What you give back should be exactly the lines from the one with "7471BrooklynDrive(7)" through the final line of the material, pictures removed; please add nothing.

(DATASET EXCERPT)

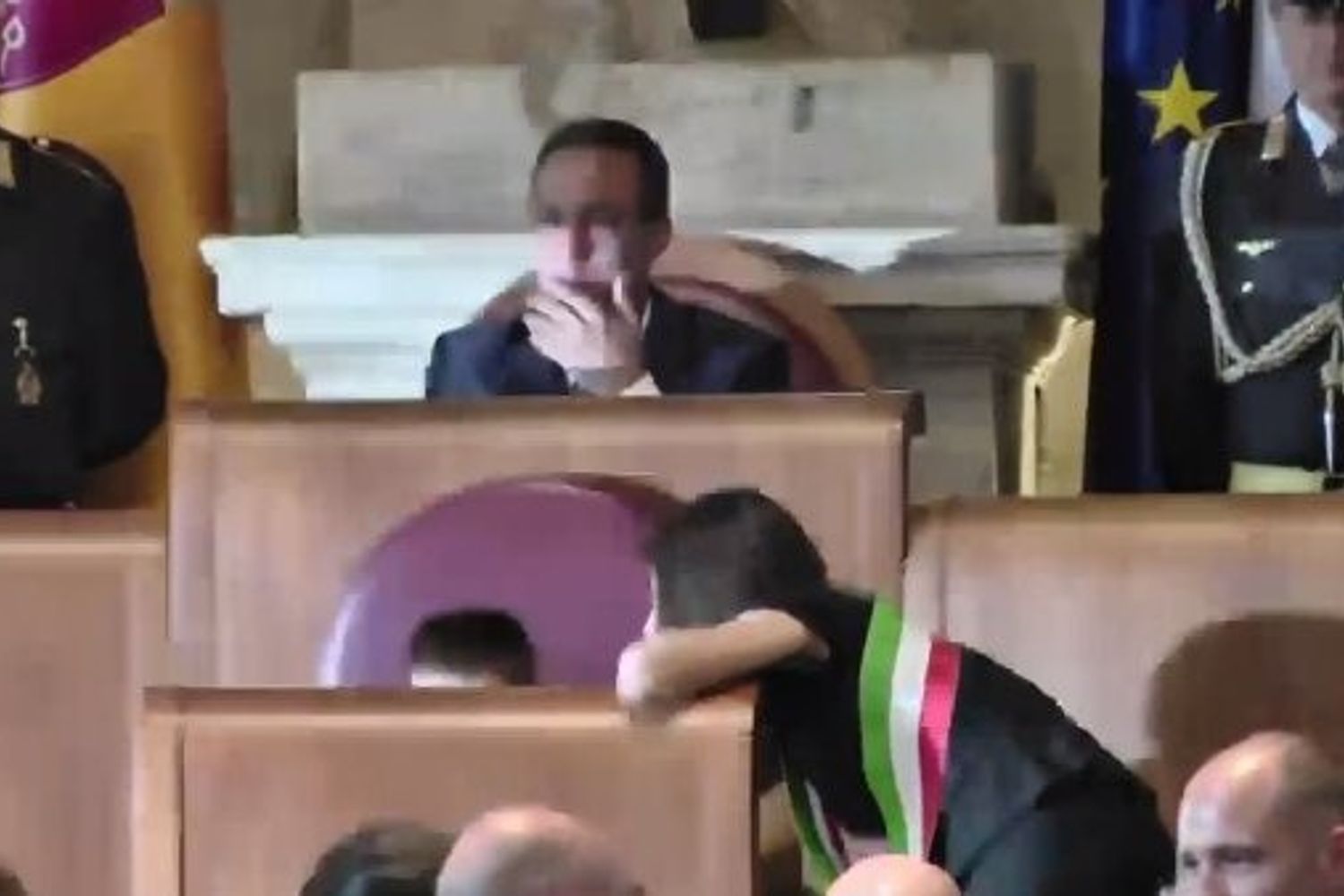 raggi con il figlio (foto da Twitter)&nbsp;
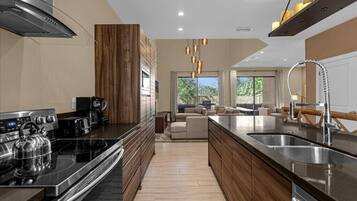 7471BrooklynDrive(7)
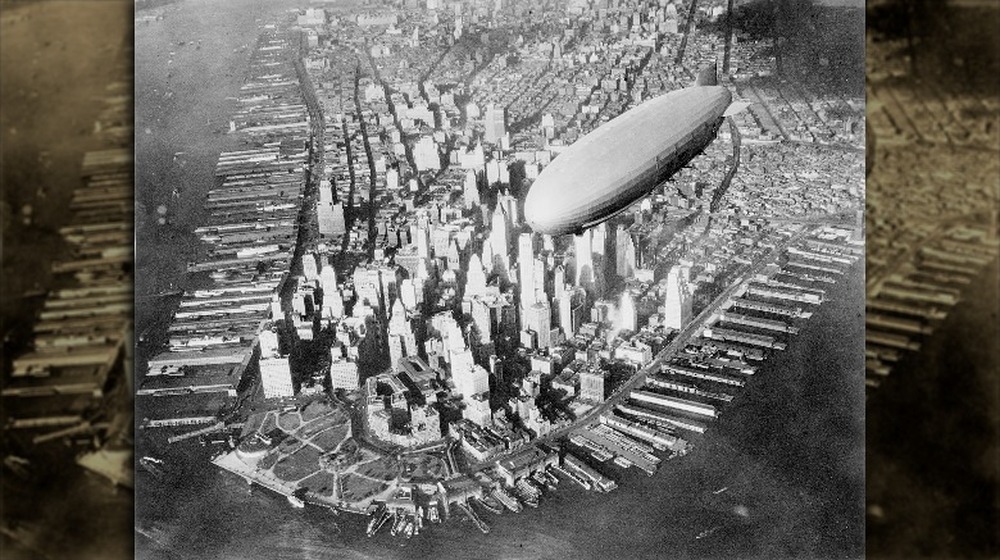 uss akron over manhattan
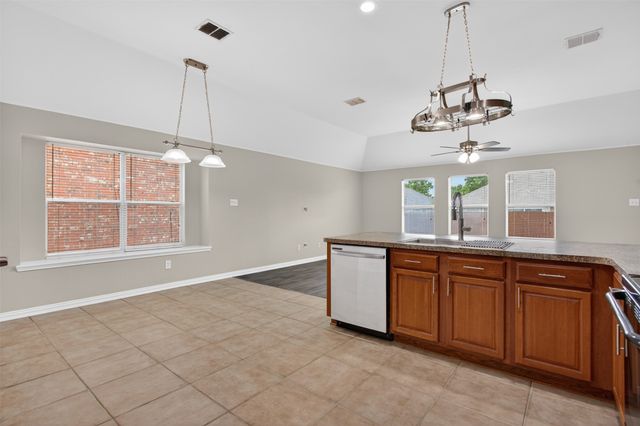 921 Bowie Drive, Lavon, TX 75166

(End DATASET EXCERPT)

### SOLUTION
 7471BrooklynDrive(7)
 uss akron over manhattan
 921 Bowie Drive, Lavon, TX 75166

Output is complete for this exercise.